EXERCISE DIRECTIONS: Every line between the one containing "Detergente Concentrado Verde 30% 5 Litros" and the last line of the data, both included, is to be set down exactly, and pictures are to be omitted.

SUPPLIED DATA:
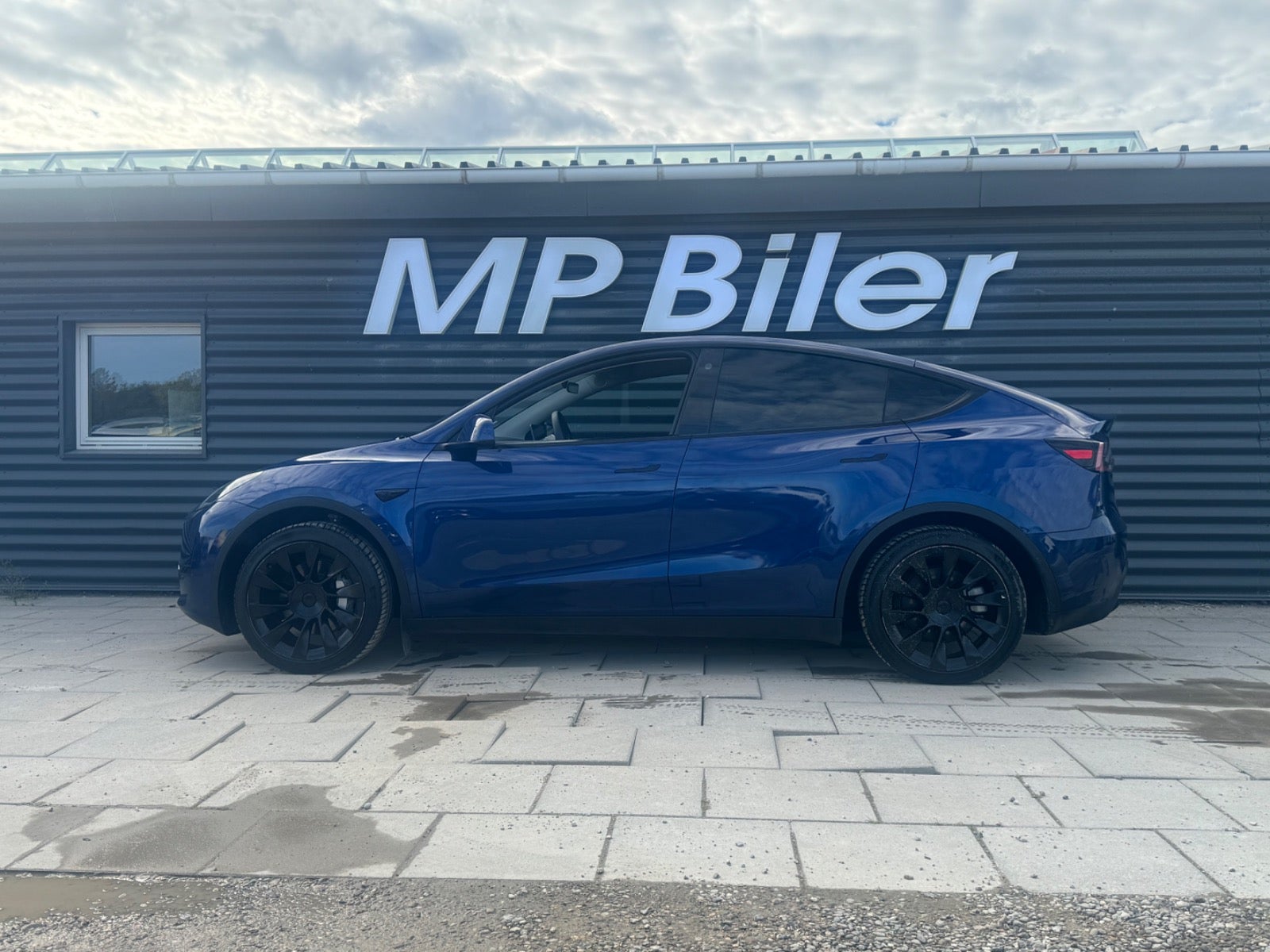 Billede af Tesla Model Y Long Range RWD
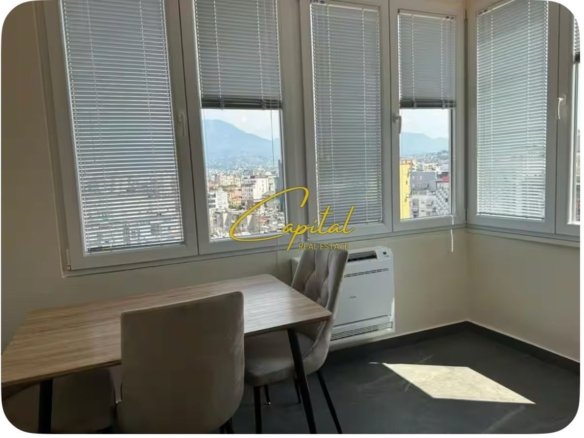 APARTAMENT ME QIRA 1+1 PAZARI I RI 800 EURO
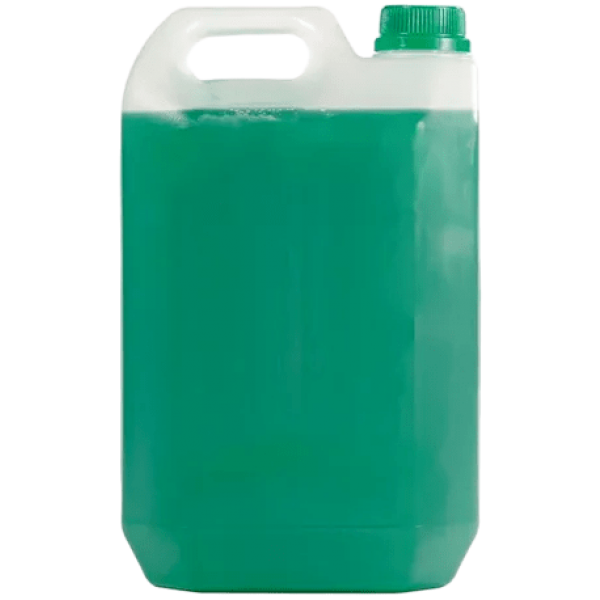 Detergente Concentrado Verde 30% 5 Litros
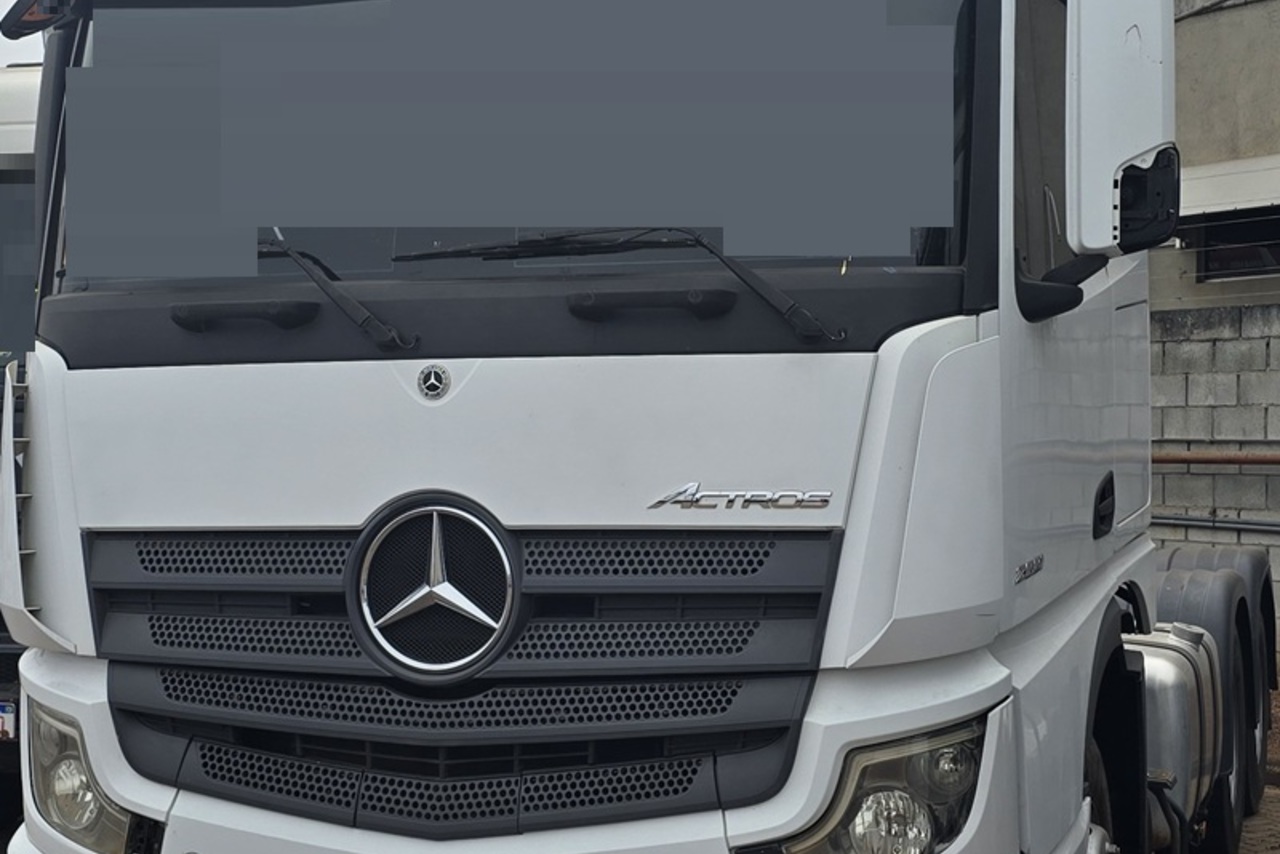 Mercedes Benz Actros 2651 - 21/21 4
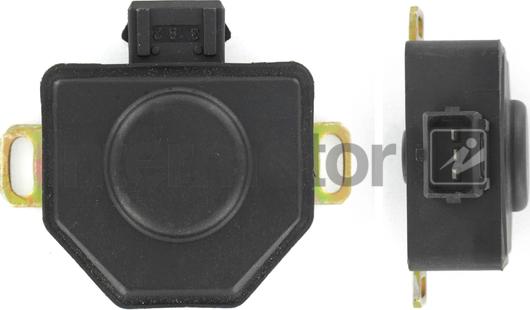 INTERMOTOR 19906 - Датчик, положення дросельної заслінки autocars.com.ua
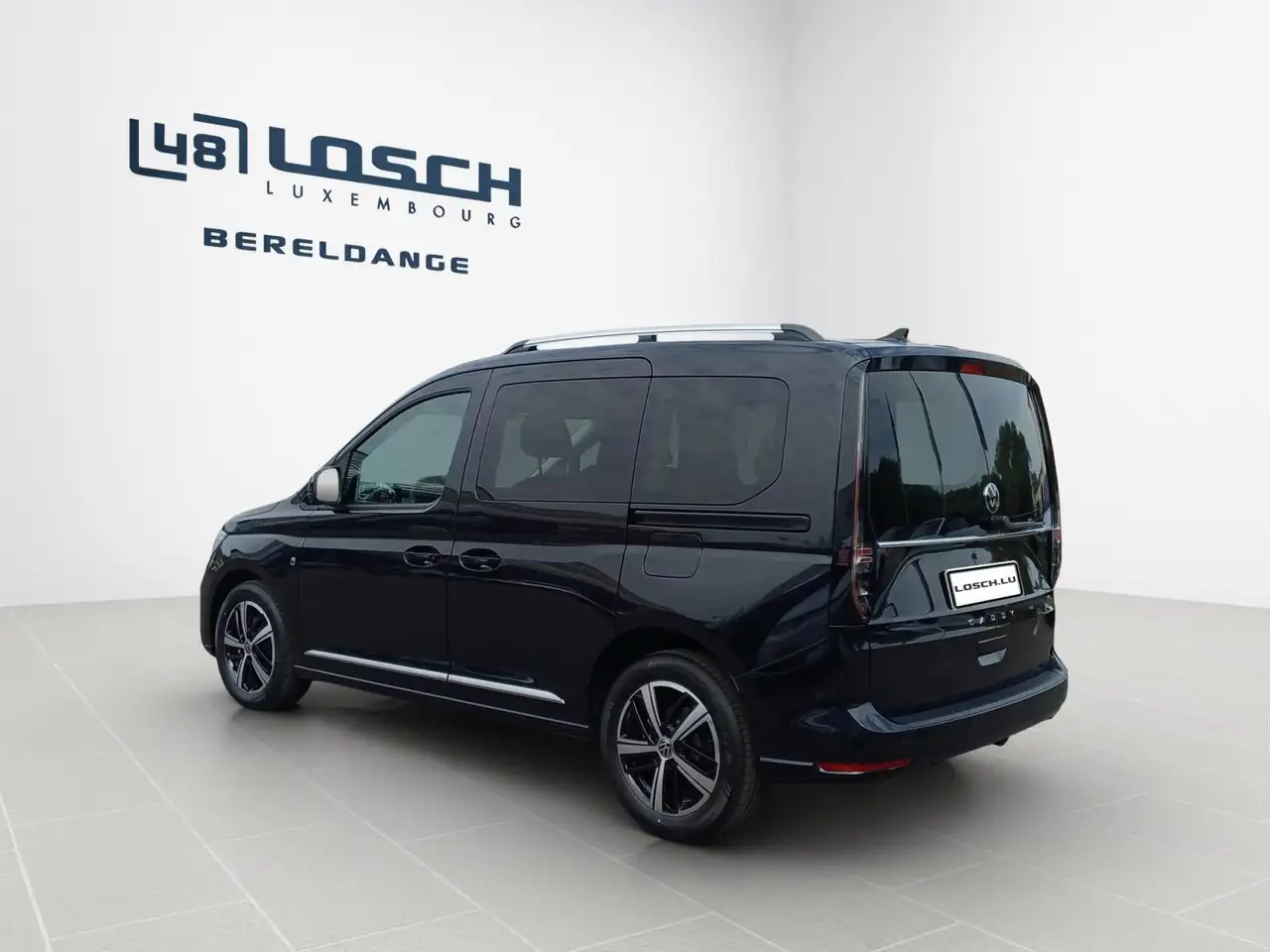 Volkswagen Caddy 2026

REPLY:
 Detergente Concentrado Verde 30% 5 Litros
 Mercedes Benz Actros 2651 - 21/21 4
 INTERMOTOR 19906 - Датчик, положення дросельної заслінки autocars.com.ua
 Volkswagen Caddy 2026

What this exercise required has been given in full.